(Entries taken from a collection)
• • • • • • •

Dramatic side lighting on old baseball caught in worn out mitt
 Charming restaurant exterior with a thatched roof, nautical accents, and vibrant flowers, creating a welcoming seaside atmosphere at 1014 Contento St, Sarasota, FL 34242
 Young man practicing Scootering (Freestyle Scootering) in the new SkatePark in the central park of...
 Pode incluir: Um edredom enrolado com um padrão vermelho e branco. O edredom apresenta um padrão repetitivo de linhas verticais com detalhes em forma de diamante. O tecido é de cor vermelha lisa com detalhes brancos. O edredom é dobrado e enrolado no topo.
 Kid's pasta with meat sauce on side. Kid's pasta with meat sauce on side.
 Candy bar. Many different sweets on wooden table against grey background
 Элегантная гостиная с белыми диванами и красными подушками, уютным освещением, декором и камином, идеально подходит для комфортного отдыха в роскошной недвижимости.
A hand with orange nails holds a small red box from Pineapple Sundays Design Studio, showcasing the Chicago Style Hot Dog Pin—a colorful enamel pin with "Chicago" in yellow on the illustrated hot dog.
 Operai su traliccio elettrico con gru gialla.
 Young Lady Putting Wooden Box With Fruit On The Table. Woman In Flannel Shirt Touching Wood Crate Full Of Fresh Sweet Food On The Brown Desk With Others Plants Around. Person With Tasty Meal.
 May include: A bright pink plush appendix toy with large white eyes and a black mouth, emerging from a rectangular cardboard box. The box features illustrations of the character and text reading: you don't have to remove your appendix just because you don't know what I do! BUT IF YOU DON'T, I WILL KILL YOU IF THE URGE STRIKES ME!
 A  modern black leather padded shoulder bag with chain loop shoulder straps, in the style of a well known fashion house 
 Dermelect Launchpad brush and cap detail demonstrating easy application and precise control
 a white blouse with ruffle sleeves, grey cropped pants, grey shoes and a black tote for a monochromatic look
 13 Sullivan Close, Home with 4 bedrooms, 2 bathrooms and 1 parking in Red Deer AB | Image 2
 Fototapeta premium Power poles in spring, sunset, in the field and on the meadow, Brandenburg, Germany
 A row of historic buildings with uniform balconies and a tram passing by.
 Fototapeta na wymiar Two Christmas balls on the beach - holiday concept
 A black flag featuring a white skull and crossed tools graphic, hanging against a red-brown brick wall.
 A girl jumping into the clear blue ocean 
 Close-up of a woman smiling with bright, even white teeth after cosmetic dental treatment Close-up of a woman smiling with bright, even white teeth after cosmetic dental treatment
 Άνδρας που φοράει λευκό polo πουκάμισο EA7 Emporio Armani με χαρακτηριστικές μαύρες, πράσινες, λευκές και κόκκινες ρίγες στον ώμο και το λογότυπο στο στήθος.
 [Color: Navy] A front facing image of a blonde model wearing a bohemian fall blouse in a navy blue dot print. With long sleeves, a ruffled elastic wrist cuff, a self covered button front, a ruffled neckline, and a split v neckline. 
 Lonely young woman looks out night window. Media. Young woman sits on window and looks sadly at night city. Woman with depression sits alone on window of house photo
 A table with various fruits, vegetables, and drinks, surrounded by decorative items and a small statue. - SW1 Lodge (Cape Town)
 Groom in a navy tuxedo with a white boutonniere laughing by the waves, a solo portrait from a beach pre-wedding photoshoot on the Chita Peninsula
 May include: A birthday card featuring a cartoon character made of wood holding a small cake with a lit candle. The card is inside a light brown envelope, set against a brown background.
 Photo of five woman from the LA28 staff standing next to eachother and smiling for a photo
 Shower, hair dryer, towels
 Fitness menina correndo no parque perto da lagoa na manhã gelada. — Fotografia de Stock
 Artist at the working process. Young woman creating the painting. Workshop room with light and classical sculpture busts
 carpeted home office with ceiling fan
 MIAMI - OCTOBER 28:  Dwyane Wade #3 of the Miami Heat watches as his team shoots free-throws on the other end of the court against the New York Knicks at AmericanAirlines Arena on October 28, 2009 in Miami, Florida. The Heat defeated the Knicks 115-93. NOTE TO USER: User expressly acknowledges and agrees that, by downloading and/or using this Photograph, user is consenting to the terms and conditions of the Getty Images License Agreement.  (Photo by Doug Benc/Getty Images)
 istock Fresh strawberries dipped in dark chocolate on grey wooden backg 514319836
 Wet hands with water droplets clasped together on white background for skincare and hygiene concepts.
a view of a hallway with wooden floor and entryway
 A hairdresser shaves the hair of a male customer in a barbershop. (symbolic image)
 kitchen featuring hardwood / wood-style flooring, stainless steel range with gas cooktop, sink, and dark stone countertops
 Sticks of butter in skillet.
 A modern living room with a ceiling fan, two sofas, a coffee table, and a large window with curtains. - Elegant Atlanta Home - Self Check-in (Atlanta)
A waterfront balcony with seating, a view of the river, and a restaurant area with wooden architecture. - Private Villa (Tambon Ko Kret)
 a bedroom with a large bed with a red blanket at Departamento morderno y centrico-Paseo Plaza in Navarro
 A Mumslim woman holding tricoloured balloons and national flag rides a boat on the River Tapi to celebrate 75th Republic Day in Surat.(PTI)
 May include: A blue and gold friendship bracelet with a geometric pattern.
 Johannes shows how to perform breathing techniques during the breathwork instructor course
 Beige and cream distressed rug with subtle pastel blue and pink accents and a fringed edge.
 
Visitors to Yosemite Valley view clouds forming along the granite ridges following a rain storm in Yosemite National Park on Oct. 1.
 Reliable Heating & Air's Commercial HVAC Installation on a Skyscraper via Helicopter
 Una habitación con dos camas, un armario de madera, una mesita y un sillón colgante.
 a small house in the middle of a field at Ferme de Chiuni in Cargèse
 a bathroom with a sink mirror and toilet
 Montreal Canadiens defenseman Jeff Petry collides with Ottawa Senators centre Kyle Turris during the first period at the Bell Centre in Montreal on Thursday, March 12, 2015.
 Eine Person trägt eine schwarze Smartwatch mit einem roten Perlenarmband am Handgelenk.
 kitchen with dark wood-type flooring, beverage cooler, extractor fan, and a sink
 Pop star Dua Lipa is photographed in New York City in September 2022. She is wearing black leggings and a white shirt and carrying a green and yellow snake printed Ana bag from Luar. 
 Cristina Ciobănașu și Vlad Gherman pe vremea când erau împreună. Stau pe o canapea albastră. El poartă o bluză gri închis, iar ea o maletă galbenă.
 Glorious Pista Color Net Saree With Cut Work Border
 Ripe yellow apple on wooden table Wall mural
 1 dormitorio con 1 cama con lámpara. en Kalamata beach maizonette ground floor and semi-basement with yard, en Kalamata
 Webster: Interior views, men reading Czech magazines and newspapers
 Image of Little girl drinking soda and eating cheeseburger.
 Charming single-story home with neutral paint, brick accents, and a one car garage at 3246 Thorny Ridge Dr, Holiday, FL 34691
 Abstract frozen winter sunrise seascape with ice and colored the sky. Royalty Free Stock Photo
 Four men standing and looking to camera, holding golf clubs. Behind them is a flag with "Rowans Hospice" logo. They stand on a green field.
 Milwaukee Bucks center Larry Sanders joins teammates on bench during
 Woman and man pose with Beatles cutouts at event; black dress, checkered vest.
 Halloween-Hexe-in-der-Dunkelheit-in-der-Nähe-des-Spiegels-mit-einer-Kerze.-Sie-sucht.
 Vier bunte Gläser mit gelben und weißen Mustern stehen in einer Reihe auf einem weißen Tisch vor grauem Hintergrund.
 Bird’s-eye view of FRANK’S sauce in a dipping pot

• • • • • • •

--- Task to complete ---
An exact copy of every line above, start to finish, is required.

--- Answer section ---
Dramatic side lighting on old baseball caught in worn out mitt
 Charming restaurant exterior with a thatched roof, nautical accents, and vibrant flowers, creating a welcoming seaside atmosphere at 1014 Contento St, Sarasota, FL 34242
 Young man practicing Scootering (Freestyle Scootering) in the new SkatePark in the central park of...
 Pode incluir: Um edredom enrolado com um padrão vermelho e branco. O edredom apresenta um padrão repetitivo de linhas verticais com detalhes em forma de diamante. O tecido é de cor vermelha lisa com detalhes brancos. O edredom é dobrado e enrolado no topo.
 Kid's pasta with meat sauce on side. Kid's pasta with meat sauce on side.
 Candy bar. Many different sweets on wooden table against grey background
 Элегантная гостиная с белыми диванами и красными подушками, уютным освещением, декором и камином, идеально подходит для комфортного отдыха в роскошной недвижимости.
A hand with orange nails holds a small red box from Pineapple Sundays Design Studio, showcasing the Chicago Style Hot Dog Pin—a colorful enamel pin with "Chicago" in yellow on the illustrated hot dog.
 Operai su traliccio elettrico con gru gialla.
 Young Lady Putting Wooden Box With Fruit On The Table. Woman In Flannel Shirt Touching Wood Crate Full Of Fresh Sweet Food On The Brown Desk With Others Plants Around. Person With Tasty Meal.
 May include: A bright pink plush appendix toy with large white eyes and a black mouth, emerging from a rectangular cardboard box. The box features illustrations of the character and text reading: you don't have to remove your appendix just because you don't know what I do! BUT IF YOU DON'T, I WILL KILL YOU IF THE URGE STRIKES ME!
 A  modern black leather padded shoulder bag with chain loop shoulder straps, in the style of a well known fashion house 
 Dermelect Launchpad brush and cap detail demonstrating easy application and precise control
 a white blouse with ruffle sleeves, grey cropped pants, grey shoes and a black tote for a monochromatic look
 13 Sullivan Close, Home with 4 bedrooms, 2 bathrooms and 1 parking in Red Deer AB | Image 2
 Fototapeta premium Power poles in spring, sunset, in the field and on the meadow, Brandenburg, Germany
 A row of historic buildings with uniform balconies and a tram passing by.
 Fototapeta na wymiar Two Christmas balls on the beach - holiday concept
 A black flag featuring a white skull and crossed tools graphic, hanging against a red-brown brick wall.
 A girl jumping into the clear blue ocean 
 Close-up of a woman smiling with bright, even white teeth after cosmetic dental treatment Close-up of a woman smiling with bright, even white teeth after cosmetic dental treatment
 Άνδρας που φοράει λευκό polo πουκάμισο EA7 Emporio Armani με χαρακτηριστικές μαύρες, πράσινες, λευκές και κόκκινες ρίγες στον ώμο και το λογότυπο στο στήθος.
 [Color: Navy] A front facing image of a blonde model wearing a bohemian fall blouse in a navy blue dot print. With long sleeves, a ruffled elastic wrist cuff, a self covered button front, a ruffled neckline, and a split v neckline. 
 Lonely young woman looks out night window. Media. Young woman sits on window and looks sadly at night city. Woman with depression sits alone on window of house photo
 A table with various fruits, vegetables, and drinks, surrounded by decorative items and a small statue. - SW1 Lodge (Cape Town)
 Groom in a navy tuxedo with a white boutonniere laughing by the waves, a solo portrait from a beach pre-wedding photoshoot on the Chita Peninsula
 May include: A birthday card featuring a cartoon character made of wood holding a small cake with a lit candle. The card is inside a light brown envelope, set against a brown background.
 Photo of five woman from the LA28 staff standing next to eachother and smiling for a photo
 Shower, hair dryer, towels
 Fitness menina correndo no parque perto da lagoa na manhã gelada. — Fotografia de Stock
 Artist at the working process. Young woman creating the painting. Workshop room with light and classical sculpture busts
 carpeted home office with ceiling fan
 MIAMI - OCTOBER 28:  Dwyane Wade #3 of the Miami Heat watches as his team shoots free-throws on the other end of the court against the New York Knicks at AmericanAirlines Arena on October 28, 2009 in Miami, Florida. The Heat defeated the Knicks 115-93. NOTE TO USER: User expressly acknowledges and agrees that, by downloading and/or using this Photograph, user is consenting to the terms and conditions of the Getty Images License Agreement.  (Photo by Doug Benc/Getty Images)
 istock Fresh strawberries dipped in dark chocolate on grey wooden backg 514319836
 Wet hands with water droplets clasped together on white background for skincare and hygiene concepts.
a view of a hallway with wooden floor and entryway
 A hairdresser shaves the hair of a male customer in a barbershop. (symbolic image)
 kitchen featuring hardwood / wood-style flooring, stainless steel range with gas cooktop, sink, and dark stone countertops
 Sticks of butter in skillet.
 A modern living room with a ceiling fan, two sofas, a coffee table, and a large window with curtains. - Elegant Atlanta Home - Self Check-in (Atlanta)
A waterfront balcony with seating, a view of the river, and a restaurant area with wooden architecture. - Private Villa (Tambon Ko Kret)
 a bedroom with a large bed with a red blanket at Departamento morderno y centrico-Paseo Plaza in Navarro
 A Mumslim woman holding tricoloured balloons and national flag rides a boat on the River Tapi to celebrate 75th Republic Day in Surat.(PTI)
 May include: A blue and gold friendship bracelet with a geometric pattern.
 Johannes shows how to perform breathing techniques during the breathwork instructor course
 Beige and cream distressed rug with subtle pastel blue and pink accents and a fringed edge.
 
Visitors to Yosemite Valley view clouds forming along the granite ridges following a rain storm in Yosemite National Park on Oct. 1.
 Reliable Heating & Air's Commercial HVAC Installation on a Skyscraper via Helicopter
 Una habitación con dos camas, un armario de madera, una mesita y un sillón colgante.
 a small house in the middle of a field at Ferme de Chiuni in Cargèse
 a bathroom with a sink mirror and toilet
 Montreal Canadiens defenseman Jeff Petry collides with Ottawa Senators centre Kyle Turris during the first period at the Bell Centre in Montreal on Thursday, March 12, 2015.
 Eine Person trägt eine schwarze Smartwatch mit einem roten Perlenarmband am Handgelenk.
 kitchen with dark wood-type flooring, beverage cooler, extractor fan, and a sink
 Pop star Dua Lipa is photographed in New York City in September 2022. She is wearing black leggings and a white shirt and carrying a green and yellow snake printed Ana bag from Luar. 
 Cristina Ciobănașu și Vlad Gherman pe vremea când erau împreună. Stau pe o canapea albastră. El poartă o bluză gri închis, iar ea o maletă galbenă.
 Glorious Pista Color Net Saree With Cut Work Border
 Ripe yellow apple on wooden table Wall mural
 1 dormitorio con 1 cama con lámpara. en Kalamata beach maizonette ground floor and semi-basement with yard, en Kalamata
 Webster: Interior views, men reading Czech magazines and newspapers
 Image of Little girl drinking soda and eating cheeseburger.
 Charming single-story home with neutral paint, brick accents, and a one car garage at 3246 Thorny Ridge Dr, Holiday, FL 34691
 Abstract frozen winter sunrise seascape with ice and colored the sky. Royalty Free Stock Photo
 Four men standing and looking to camera, holding golf clubs. Behind them is a flag with "Rowans Hospice" logo. They stand on a green field.
 Milwaukee Bucks center Larry Sanders joins teammates on bench during
 Woman and man pose with Beatles cutouts at event; black dress, checkered vest.
 Halloween-Hexe-in-der-Dunkelheit-in-der-Nähe-des-Spiegels-mit-einer-Kerze.-Sie-sucht.
 Vier bunte Gläser mit gelben und weißen Mustern stehen in einer Reihe auf einem weißen Tisch vor grauem Hintergrund.
 Bird’s-eye view of FRANK’S sauce in a dipping pot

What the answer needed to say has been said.